Photo by Tima Miroshnichenko: https://www.pexels.com/photo/grayscale-photo-of-a-person-reading-a-bible-5206050/
Doing and praying aren’t opposites—Jesus showed us how they go hand in hand.
One day Jesus was praying in a certain place. When he finished, one of his disciples said to him, “Lord, teach us to pray, just as John taught his disciples.”
Luke 11: 1
We’re meant to spend our lives “doing.”
That might sound like I’m saying that “doing” is more important than “being,” that your identity should be wrapped up in what you do, but that’s not what I mean. What I mean is that part of your identity is that you are a human made by God in his image, and he’s given you work to do. Your work is not menial—it’s integral to who you are. It will take up most of your life, as much as raising a family or the time you spend with your spouse.
I bring this up because there’s much teaching in the church right now about rest, sabbath, and not burning yourself out, which is good. I’d say that American evangelicals are particularly prone to placing their identity in their job and becoming work-aholics. Looking at the recent scandals in the church, if they’re not sexual in nature, they almost exclusively come down to an unhealthy work ethic being forced on wildly underpaid staff. A lot of us need to calm down about work and focus more on our inner life and spirituality.
Work is part of who you are—anchor it in prayer, and a little will go a long way.
But that doesn’t mean we’re called to be monks, either. God is not calling us to walk into a prayer closet for eight hours a day, seven days a week.
So what might a healthy balance of prayer and work look like, then?

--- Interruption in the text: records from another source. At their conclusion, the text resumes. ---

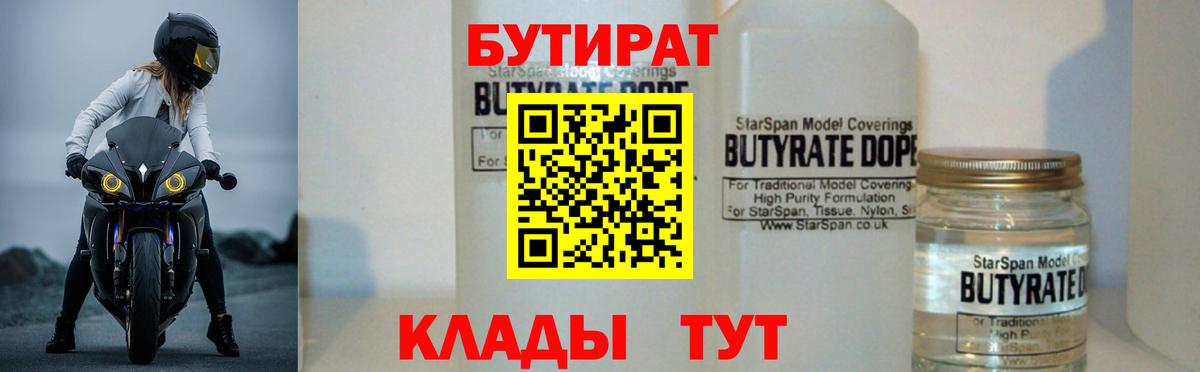 Бутират буратино  БУТИРАТ  Камень-на-Оби  Вход с VPN 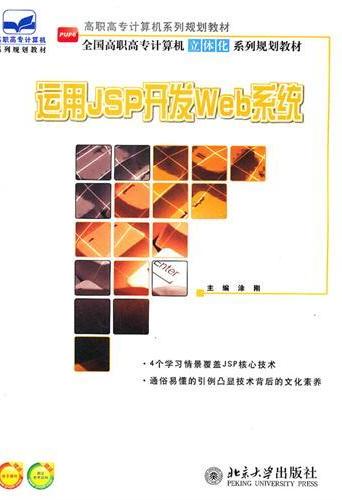 运用JSP开发Web系统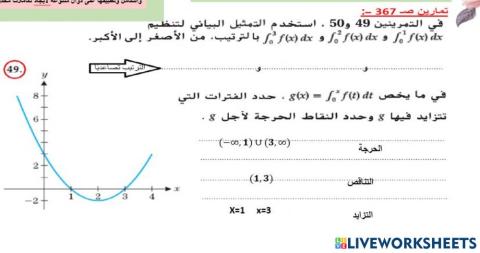 النظرية الاساسية1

From what I can see in the life of Jesus, it doesn’t look like a balance at all. The Gospel of Luke gives us the most detailed look at the prayer life of Jesus, and while we see that he certainly prayed often, sometimes all night, prayer was not what he was doing most of the time. Most of the time, he was teaching, eating with people he loved, or walking from one city to the next. He spent the vast majority of his hours doing the work of his calling, and then he book-ended his work with prayer.
The life of Jesus clues us into a simple rule for a life of prayer: a little goes a long way.
In fact, when the disciples asked Jesus to teach them how to pray, he responded with an ancient prayer that he slightly modified and told them to just pray it, what we now know as “The Lord’s Prayer” or the “Our Father.” It’s barely a few sentences long. Some teachers have tried to create it into an outline for much longer prayers, but in a nearby chapter of Matthew, Jesus specifically said that we shouldn’t expect God to hear our prayers simply because we make them long.
Work with purpose, pray with intention—a little goes a long way.
It looks like Jesus prayed almost every day, and sometimes he spent many hours in prayer. But he spent most of his time pouring himself out in love, and found that he was energized by that work, finding meat to eat that most people didn’t know about.
Production leader, most of your job is doing, and that’s good. Bookend it with prayer. A little will go a long way.